Ekspresyonist sanatçıların renkleri arasında son derece yoğunlaştırılmış koyu siyah bulunur. Fovizm’in kurucusu Henri Matisse de siyah severlerdendi. “Hangi rengi koyacağımı bilemediğimde siyahı koydum” diyordu. “Siyah bir güçtür”.
Modern sanatta ise tek başına ifade nedeni haline dönüşür. Süprematizm, 20. yüzyıl içinde öne atılmış en çarpıcı sanat akımlarından biridir. Bu görüşü ortaya atana kadar izlenimci ve kübist yapıtlar ortaya koyan Kazimir Malevitch, 1915 yılına gelindiğinde “Siyah Kare” isimli tablosuyla, sanat hakkındaki fikrini betimlemiştir. Bir görüşe göre “Resmi içeriksizleştirmeye çalışan Malevich, gerçekte varoluş sorunundan biri olan ‘hiç’liğe gönderme yapmıştır”. Çünkü, Rus mistik düşüncesi, dördüncü boyutu, ölümden ruhun gerçek dünyasına kaçışı sağlayan yeni bir bilinçlilik olarak görüyordu. Bu resimlerin temelinde bu tür düşünce yatıyordu.

Osmanlı minyatür sanatında önemli bir isim olan Mehmed Siyah Kalem, minyatür sanatını bambaşka bir boyutta ele almış önemli bir sanatçıdır. Geleneksel minyatürde perspektif ya da derinlik yoktur. Siyah Kalem’in yapıtlarında ise mekânsal hiçbir eleman kullanılmamıştır. Zamansız ve mekânız olan bu tasvirlerde şamanik figürler, şeytan ya da cin tasvirleri yer almaktadır. İnsan, hayvan ve gerçek üstü canlılar bir arada kullanılmıştır.

Daha önce de sosyal ve siyasal arenada renklerin dilinden söz etmiştik. Renklerin her biri bir ideoloji veya düşüncenin sembolü olmuştur. Siyah, anarşizmin ve satanizmin rengi olduğu kadar faşizmin de sembolü sayılmış ve Nazi haçı beyaz zemin üzerine siyah renk olarak resmedilmiştir. Siyah, çoğu zaman kötü olan şeylere atıfta bulunmak için de kullanılır. “Karaborsa”, çalıntı malları indirimli fiyatlarla satmayı tanımlayan böyle bir terimdir. Avrupa’da Orta Çağ’da milyonlarca ölümden sorumlu olan hıyarcıklı veba, “Kara Ölüm” veya “Kara Veba” olarak biliniyordu.

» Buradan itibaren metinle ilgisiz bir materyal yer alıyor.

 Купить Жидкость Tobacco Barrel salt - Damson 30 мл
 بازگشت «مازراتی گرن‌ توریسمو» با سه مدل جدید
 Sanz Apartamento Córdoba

Modaya gelirsek, yeryüzündeki kadınların büyük kısmı küçük, siyah elbisenin yaratıcısı C. Chanel’e minnettardır sanırım. “Bir kadının sadece üç şeye ihtiyacı vardır; siyah bir elbise, siyah bir kazak ve kolunda sevdiği bir adam.” Chanel’in unutulmaz cümlesi olarak moda tarihine geçti.

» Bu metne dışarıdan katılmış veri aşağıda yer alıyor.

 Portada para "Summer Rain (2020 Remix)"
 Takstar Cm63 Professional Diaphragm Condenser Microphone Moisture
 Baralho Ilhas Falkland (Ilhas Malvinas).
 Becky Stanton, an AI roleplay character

Modanın ötesinde, siyah bazen mahkeme yargıçları ve uzun siyah cübbelerinde olduğu gibi bir otorite sembolü olarak giyilir. Birçok spor dalında hakemler de siyah ya da siyah-beyaz ya da siyah-sarı kombinasyonunu giyerler. Ayrıca, hemen hemen her dövüş sanatında siyah kuşak sahibi olmak, mümkün olan en üst düzeyde olmasa da üst düzeyde bir uzmanlık gösterir.
Siyah, dünya durdukça önemini koruyacak.